Privacy and information in an algorithmic age


Like many of his peers, Peter uses Facebook to stay in contact with family and friends and to exchange information and ideas. Facebook, like most other digital platforms, keeps track of Peter’s personal profile, preferences, and interactions – and provides him with relevant, personalized information based on his activities. Facebook is primarily interested in Peter’s personal information as an instru-ment for aggregation and creation of patterns for marketing purposes. Regarding their collection of personal information, Facebook essentially tells Peter: “Don’t take it personal”. For Peter, however, it may be more complicated than Facebook purports it to be.

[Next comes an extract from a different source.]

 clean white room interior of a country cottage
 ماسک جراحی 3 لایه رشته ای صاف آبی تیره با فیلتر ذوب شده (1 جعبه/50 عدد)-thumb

For Peter, the collection of personal information and algorithmic profiling of him might indeed feel and become personal on many different levels, and he might indeed take it personal that the information he produces seems to be beyond his reach and control.

It is precisely this apparent disconnect between platform providers’ framing of personal information and privacy on one hand, and users’ understanding of the same concepts, on the other hand, that is of interest to this project. The notions of personal information and privacy have often been addressed as intertwined, as tightly connected concepts where one constrains the other. That is, current theories and discussions of informational privacy are closely related to a specific notion of personal information, with privacy being conceptualized as the ability to control and/or restrict access to personal information. In this project, we question that prevailing understanding of the relationship between privacy and personal information, and suggest that revised conceptualizations are needed in order to capture and address current challenges. Given this claim, our guiding overall research question is: what constitutes ‘privacy’ and ‘personal information’ and how are these concepts related and interdependent in an algorithmic age? We address this question by posing two somewhat overlapping conceptual questions, while we also empirically explore users’ and platform providers’ framings and understandings of privacy and personal information, as illustrated in Table 1: Research Design.

The aim of the project is thus two-fold: First, it seeks to understand the nature of PERSONAL INFORMATION in an algorithmic age of increased personalization and data-driven logic claiming that the meaning of personal information is created in specific contexts and in use.  Second, presuming that current conceptions of privacy are challenged by their close ties to the notion of personal information, the project aims to establish what constitutes PRIVACY given contemporary logics of datafication and connectivity.  Both conceptual questions are supported and informed by collection and analyses of data about: i) USERS’ understandings of profiling and how and when platforms’ collection of information about them becomes personal and potentially privacy invasive, and ii) PLATFORM PROVIDERS’ framing of personal information and privacy, and the relation to regulatory frameworks.

Table 1: Research Design

Research question:  What constitutes ‘privacy’ and ‘personal information’ and how are these concepts related and interdependent?

Conceptual questions

Work Package I:  What constitutes PERSONAL INFORMATION in an algorithmic age of increased personalization and data-driven logic?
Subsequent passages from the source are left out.